The United Steelworkers Union, which represents about 60, 000 workers in basic steel and another 17,500 in aluminum, said it “supports the interim agreement between the U.S. and the EU.” It said: ““Steel and aluminum are the backbone of our nation’s defense and critical infrastructure, but for too long, global overcapacity and targeted predatory practices undermined domestic production and employment.
“This new arrangement, which will maintain but modify Section 232 measures on steel and aluminum from the EU, will create a framework that will ensure U.S. domestic industries remain competitive and able to meet our security and infrastructure needs.
“It will also provide a much-needed opportunity to address the non-market predatory practices of China and other countries that have distorted global markets, while also spurring a dialogue over climate concerns stemming from countries whose industries are far more carbon intensive than those in the United States and the EU.
“Under this arrangement, the United States will allow a basic overall level of steel imports, which will measure less than those that came from the EU in 2017 and 2018. Above this level, imports will be subject to a 25% tariff. The deal creates certainty both for domestic producers of steel and users who are unable to find domestic supplies.

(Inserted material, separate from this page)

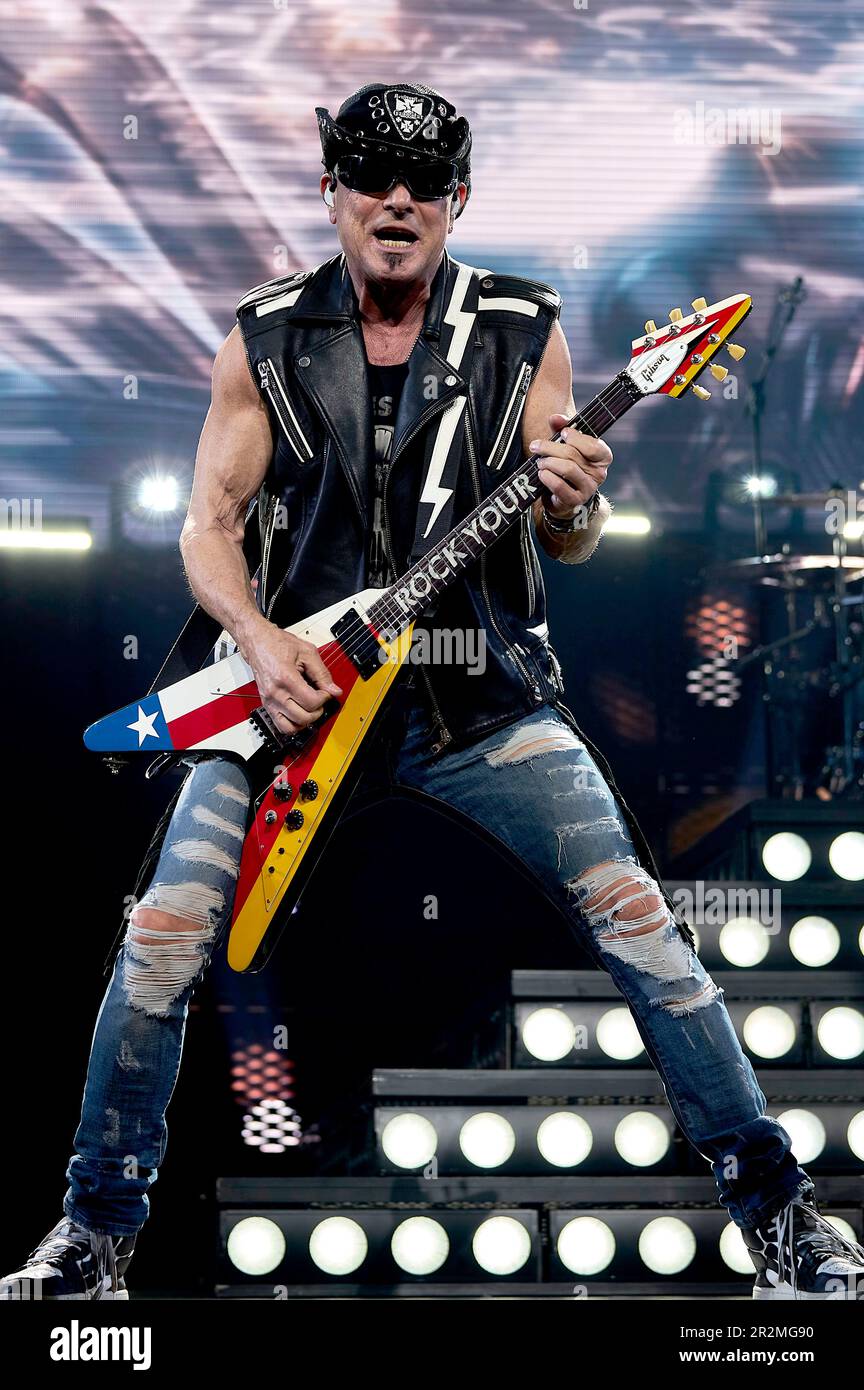 Hannover, Deutschland. 19. Mai 2023. Rudolf Schenker von den Scorpions live  bei einem Konzert der Rock Believer-World Tour in der ZAG Arena. Hannover,  19.05.2023 Kredit: Geisler-Fotopress GmbHAlamy Live News Stockfotografie -  Alamy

“Under the interim arrangement, steel imports from the EU must entirely be produced in the European Union, commonly known as ‘melted-and-poured.’ This will help ensure European and U.S. steelworkers are not losing jobs to countries outside this agreement.
“In aluminum, the Biden administration reached a parallel arrangement with the EU that ensures the U.S. has the capacity to meet its critical needs and allows for limited amounts of downstream products.
“As we look to the future of our industries and jobs, it will be vital to rein in global overcapacity, stemming largely from Chinese Communist Party’s state-led trade practices,” the USW said. “Engaging with our allies is a necessary step in this process, and this arrangement offers a path forward toward working together to address this larger concern.
“Combatting climate change will also require coordinating with our partners. Both the U.S. and European industries have demonstrated a commitment to reducing the carbon intensity of their products, and working together will ultimately provide results for workers and our environment.”